The other thing turned out to be an effective changeup — ironically the same pitch that Santana has used to become one of baseball's premier pitchers. Sheets (2-0) mixed it well with his curve and fastball and had the Mets hitters off balance after pitching out of a bases-loaded jam in the second. He did not allow another hit until David Wright's two-out homer in the eighth.
By then, home runs by Hall, Weeks and Kapler had rocked Santana (1-2).
"I felt good," the Mets ace said. "We were trying to establish my fastball early in the game. We made a couple of pitches that didn't do what they were supposed to do."
Santana (1-2), who allowed 33 home runs with Minnesota last season to lead the American League, worked his way out of a number of jams but was hurt by the long ball.
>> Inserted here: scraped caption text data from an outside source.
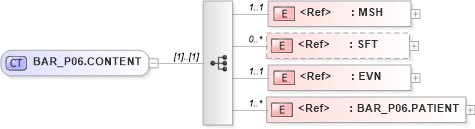 XSD Diagram of BAR_P06.CONTENT in schema bar_p06_xsd (Health Level Seven (HL7))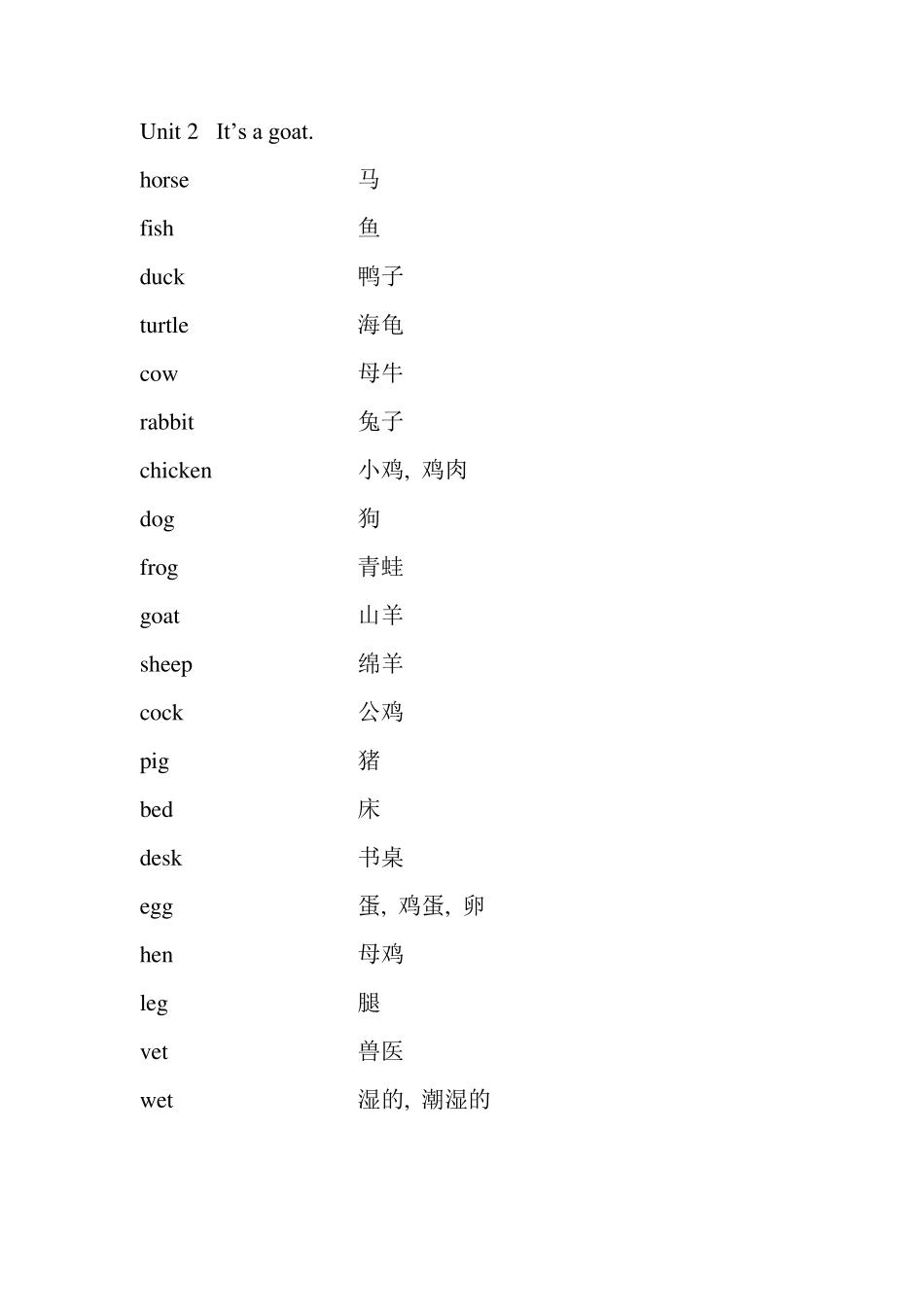 剑桥少儿英语一级上册单词表_第2页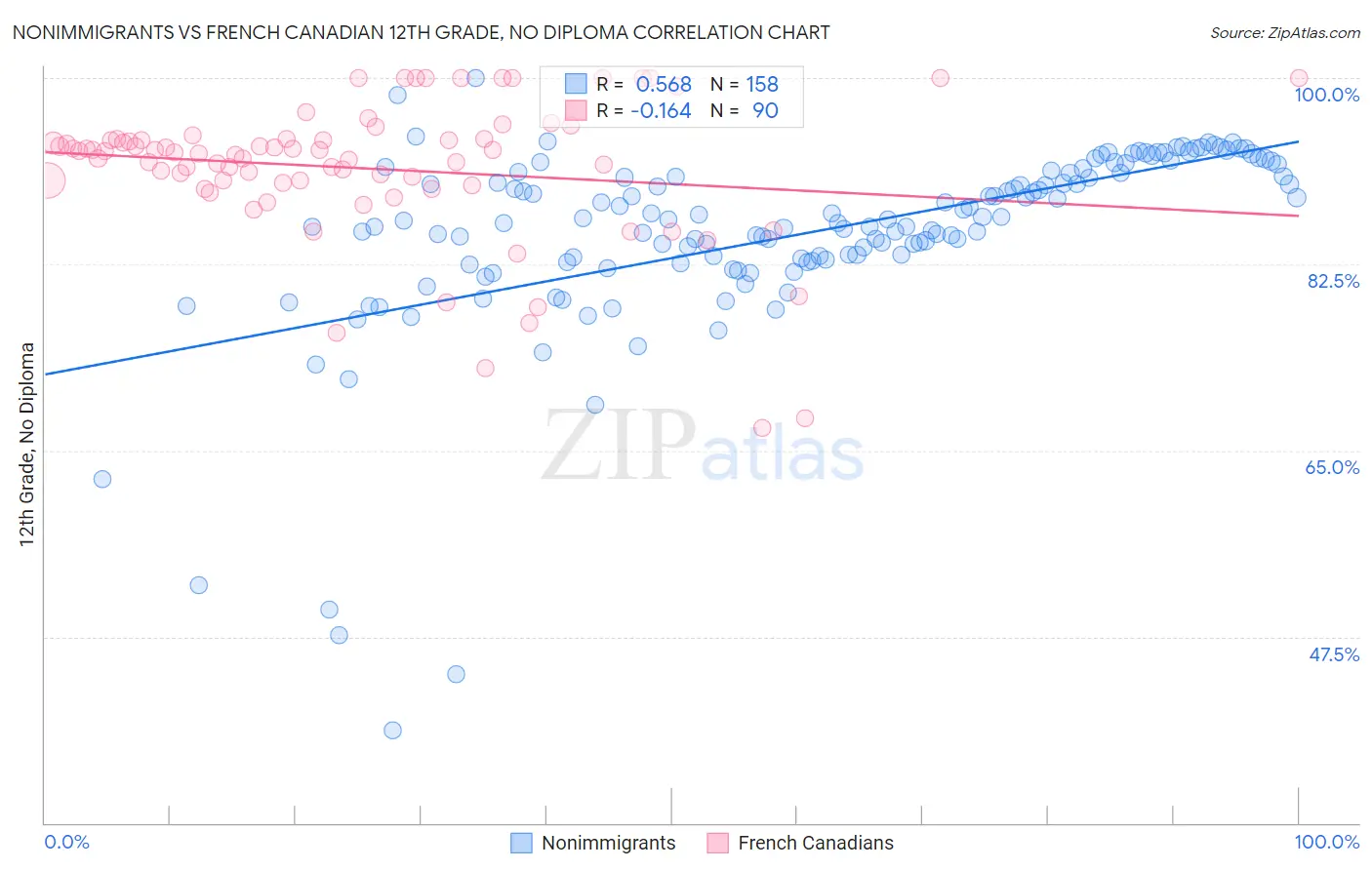 Nonimmigrants vs French Canadian 12th Grade, No Diploma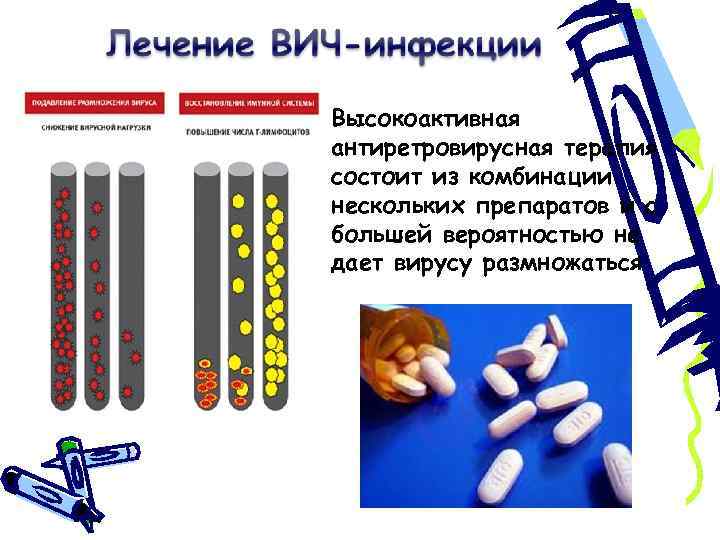 Таблетки от вич. Антиретровирусная терапия ВИЧ-инфекции. Терапия от СПИДА.таблетки.. Терапия от ВИЧ инфекции. Антиретровирусная терапия ВИЧ-инфицированных-.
He lasted 6 2-3 innings and allowed five runs and six hits with two walks, striking out seven and throwing two wild pitches.
Sheets allowed three runs and five hits in 7 2-3 innings with five strikeouts and two walks. But the Mets went from the third until the eighth without a baserunner.
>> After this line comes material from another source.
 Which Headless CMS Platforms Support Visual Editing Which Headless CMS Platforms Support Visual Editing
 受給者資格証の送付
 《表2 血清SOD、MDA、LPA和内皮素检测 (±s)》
He thought the changeup shouldn't have been any big deal.
"I got four or five outs with it," he said. "They're big league hitters. "They've seen changeups before."
Milwaukee manager Ned Yost thought it was a difference-maker though.
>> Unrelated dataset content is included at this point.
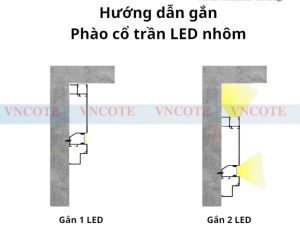 Hướng dẫn cách lắp đặt phào cổ trần LED nhôm LG3-LED-W-3.0 hắt 1 LED và 2 LED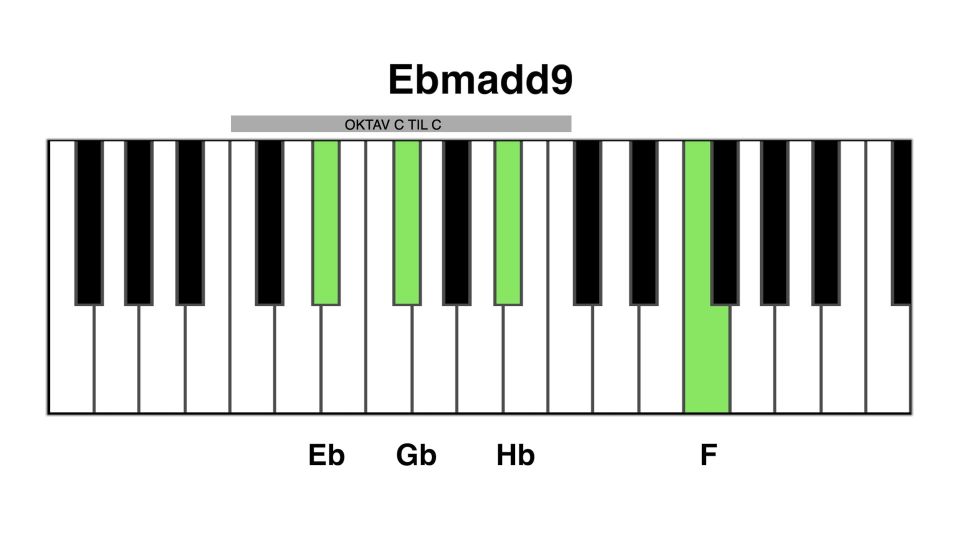 Ebm add9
"If you've got three pitches — a fastball, curve and change — it's really tough on hitters," he said. "They don't know what's coming. Somebody as good as Benny, trying to develop a new pitch gives him another weapon."
Yost thought Sheets threw well from the start even though the Milwaukee right-hander didn't agree.
Angel Pagan led off the first against Sheets with a single, moved up on a wild pitch and an infield out and scored on David Wright's sacrifice fly. Then Carlos Beltran singled and came around on a double by Carlos Delgado.
"He threw the ball really well. He had nice stuff," Yost said. "They got two runs."
The Brewers got an unearned run back in the second.
Corey Hart, leading off, reached on an error by Wright and J.J. Hardy walked. Hart took third on Santana's second wild pitch of the game and scored on Sheets' bunt. Santana retired the next two hitters, leaving the tying run stranded at second.
Hall tied it for Milwaukee, hitting Santana's first pitch of the fourth inning for his fifth home run of the season.
It was the second home run in two nights for Hall.
An inning later, Weeks tagged a 2-2 pitch from Santana for his second homer to give the Brewers the lead. Then Kapler hit his third of the season in the seventh, a two-out, two-run shot that followed a walk to Weeks and finished Santana's day.
Kapler last had three home runs in a season in 2004, when he played for the Red Sox. He's hit his three homers in 22 at-bats.
Sheets did not allow a hit after the second inning until Wright's two-out homer in the eighth inning. The homer was Wright's second and just the fourth in 10 games for New York this season. When Sheets followed the homer by walking Beltran, Brian Shouse relieved for Milwaukee and retired Delgado on a comebacker.
Eric Gagne pitched the ninth for his second save in four chances.